[[ Material provided open ]]

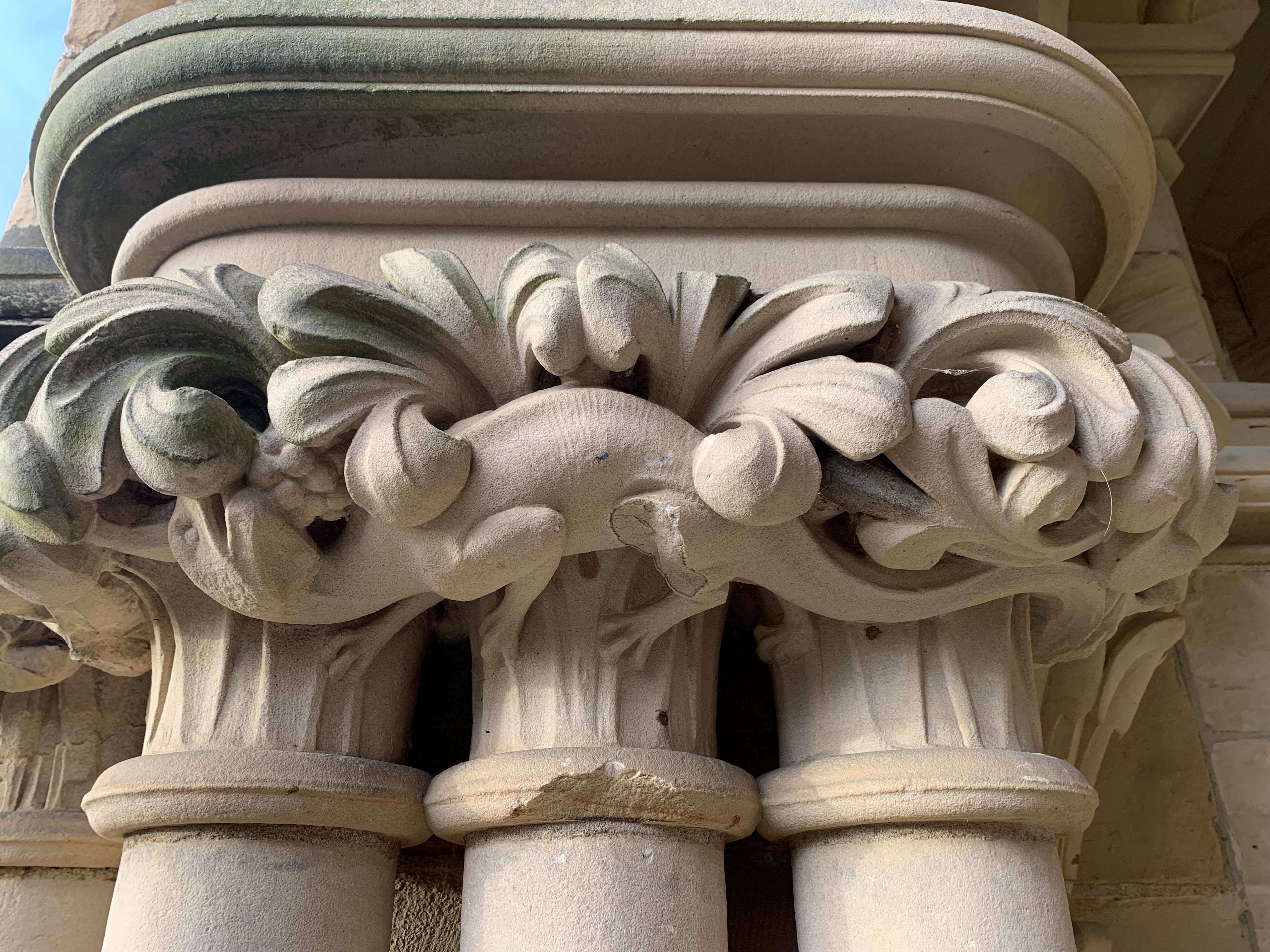 The Carvings — Christ the Consoler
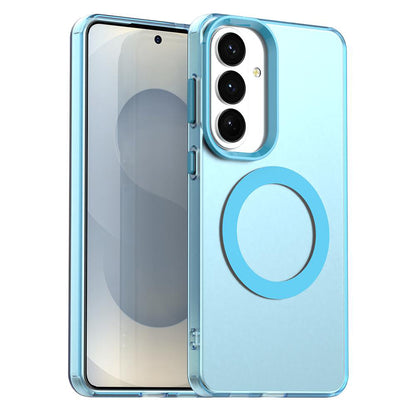 Housse MagSafe pour Samsung Galaxy S26, Techsuit, CandyCase, Bleue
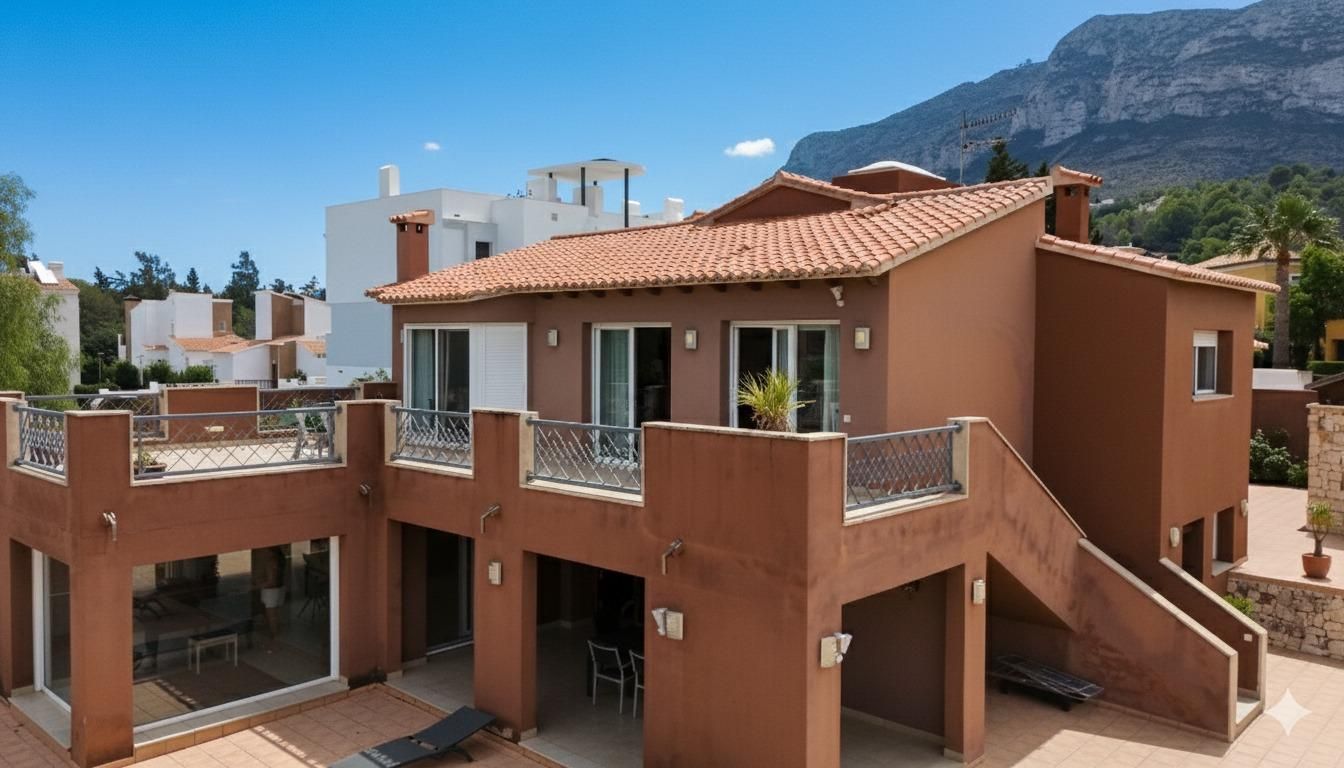 Haus oder Chalet zum Verkauf in El Montgó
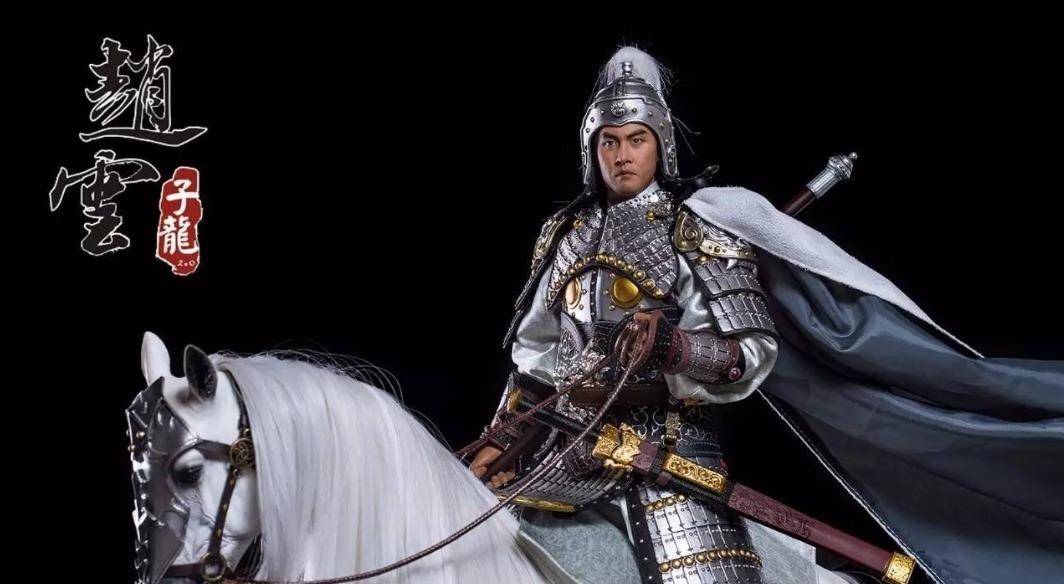 赵云，战盔之下的胆识与英勇冲阵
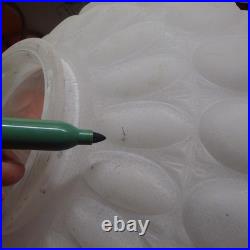 Vtg Hollywood Regency MCM Swag Lamp Light Fixture 1973 Lightcraft California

[[ Material provided closed ]]

▶ [Description of the task] Every line from the one containing "Haus oder Chalet zum Verkauf in El Montgó" to the final line of the records should be duplicated exactly; no picture is to be copied.

▶ [Task solution]
 Haus oder Chalet zum Verkauf in El Montgó
 赵云，战盔之下的胆识与英勇冲阵
 Vtg Hollywood Regency MCM Swag Lamp Light Fixture 1973 Lightcraft California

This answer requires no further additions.